Sterling’s whole presentation was fantastic. I am really glad you captured and shared his reading of the Carl Sandburg piece on video and shared it, those of us sitting toward the back were only listening. Being able to see Bruce deliver this adds more power.
yeah, the guy is all heart and it came through live. his words directly inspired me to work on a non-profit idea on the flight home. i’ll have a wiki up soon describing the concept…
Damn, I wish I would have still been around to see that. Amazing.
Sean, you totally rock. I absolutely love your ‘Last Words’ section here. So inspirational. We all have to produce this. You are so so right. BTW…great new project.
Vive le revolution!
Awesome stuff Sean. More people need to know about Bruce and his perspective. And more than that, more people need to take it to heart.

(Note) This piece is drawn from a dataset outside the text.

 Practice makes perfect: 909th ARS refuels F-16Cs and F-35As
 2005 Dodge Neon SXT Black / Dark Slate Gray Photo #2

My favorite recent quote is from Linda Stone at ETech. “Ease of use is not good enough! Your service should improve the quality of life!”
By the way, Sean, it was a pleasure meeting you at SXSW. Keep in touch brother!
@tara: thanks for the words of support. it was great meeting up with you in person; knowing that there are like-minded folk out there in the ether keeps my tank fueled. keep on keeping on.
@beach: i tried to catch you at the yahoo! party, but when i heard where it was, i decided to stay away. that place smelled worse than a locker room the night before! ;) it was a pleasure… you stay in touch as well.